During the early evening of 15th June 1950 this No.228 Operational Conversion Unit was due to be flown on a flying test prior to a night flight that was due to be flown later than evening, following the test the crew were also instructed to combine it was flying two circuits and landings. At 17.07hrs the crew began to take off but as soon as the aircraft lifted off the ground and reached around twenty feet the starboard wing dropped. It then swung to starboard and the starboard wing tip hit ground just off the runway, it then made a semi-cartwheel which saw it skid tail first across the airfield until it then stopped on another runway. Part of the cockpit broke off and the pilot was thrown out. The navigator remained in the cockpit and despite being seriously injured he released himself from the wreckage. The starboard engine then caught fire and while the station fire fighting crew fought the fire for some time but the fuel that was being slowly released could prevented the fire from being total extinguished and it eventually had to be left to burn itself out. Both pilot and navigator were seriously injured.

Pilot (Pupil) - P/O John Richard Edmondson-Jones RAF (607045). Injured.

Navigator (Pupil) - F/O John Etkins RAF (168457). Injured.
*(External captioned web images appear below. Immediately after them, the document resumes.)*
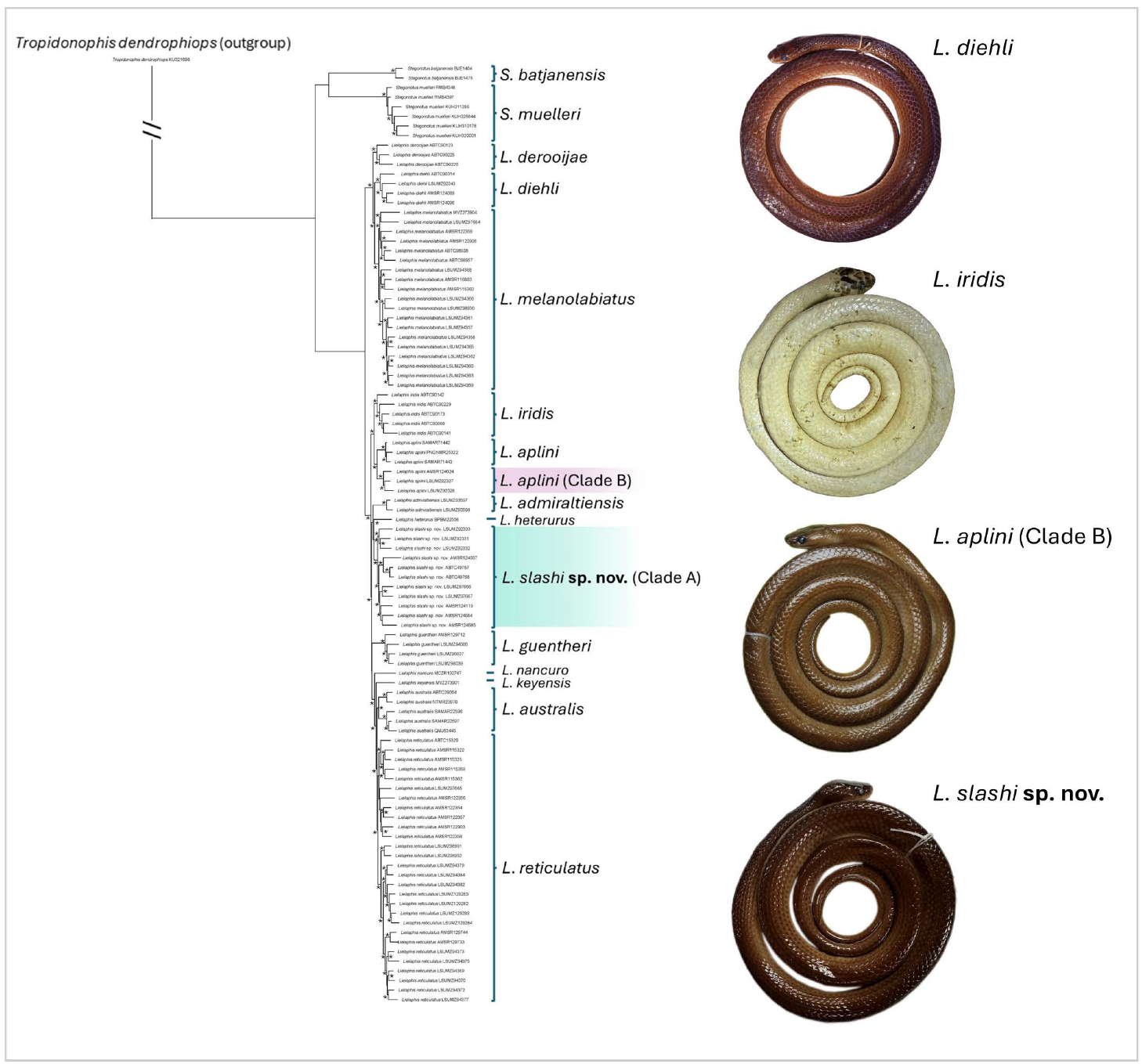 Ultraconserved elements maximum-likelihood tree of Lielaphis and Stegonotus species inferred by IQ-TREE with Clade A (L. slashi sp. nov.) and Clade B (putative northern L. aplini) highlighted. 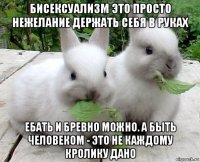 бисексуализм это просто нежелание держать себя в руках ебать и бревно можно. а быть человеком - это не каждому кролику дано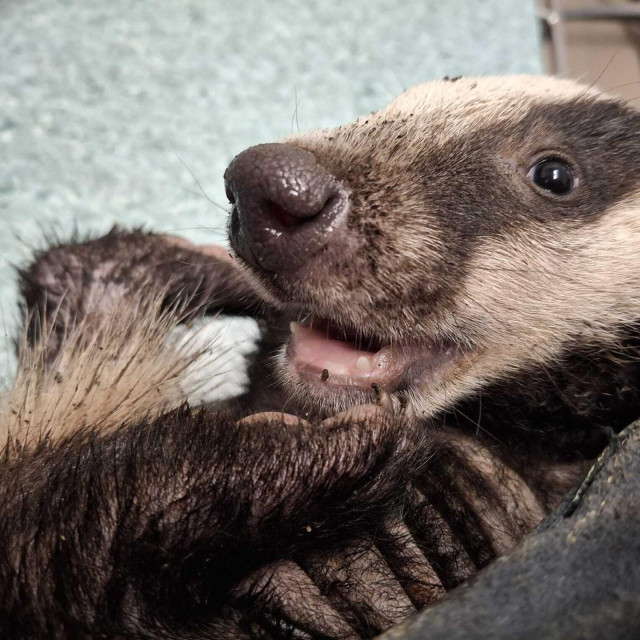 Zoološki vrt postao je privremeni dom malom jazavcu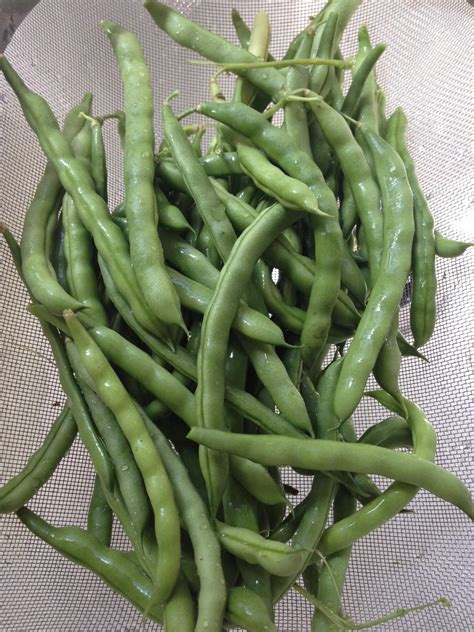 greek-string-beans-fasolakia-california-greek-girl image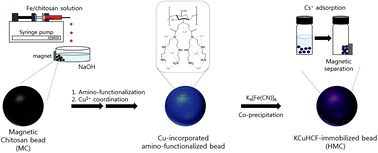 Graphical abstract: Amino-functionalized magnetic chitosan beads to enhance immobilization of potassium copper hexacyanoferrate for selective Cs+ removal and facile recovery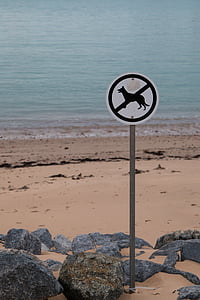Chiens interdits, plage, Bouclier, signaux d’interdiction, chiens, mise en garde, Remarque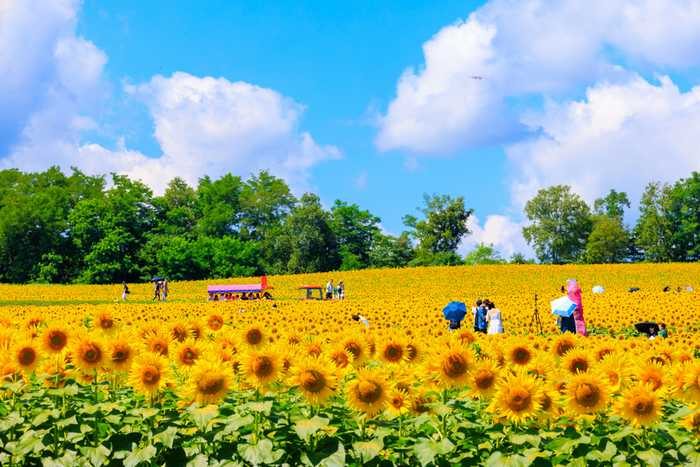 Hokuryu Sunflower Village, em Hokkaido (Depositphoto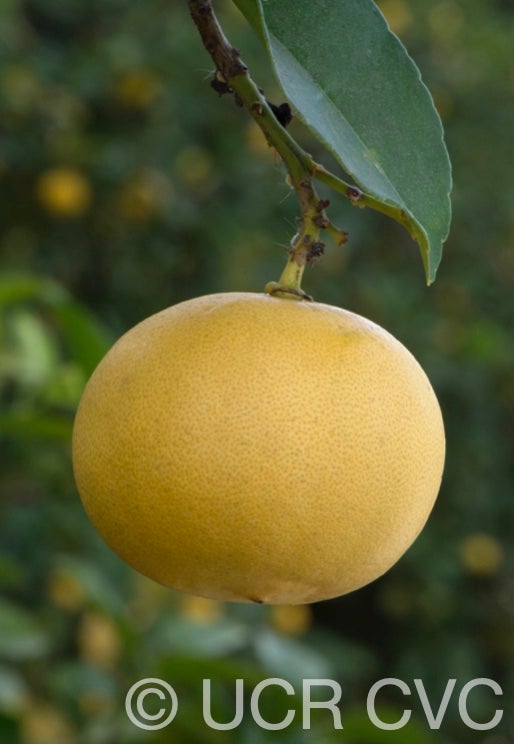 citrus_excelsa_papeda_hybrid_crc_2892_007.jpg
An investigation found that the starboard engine had failed at the worst possible time just as it left the ground, owing to where various levers were in the cockpit the pilot would have had his left hand on the throttles while on the ground run with his right hand on the control column. As it left the ground he would have had to take his left hand off the throttle to hold the control column as his right hand would have to raise the undercarriage. The engine failed at the moment he was raising the undercarriage which meant his left hand had to hold the control column and could not therefore remove it to reduce power on the engines and abandon take off.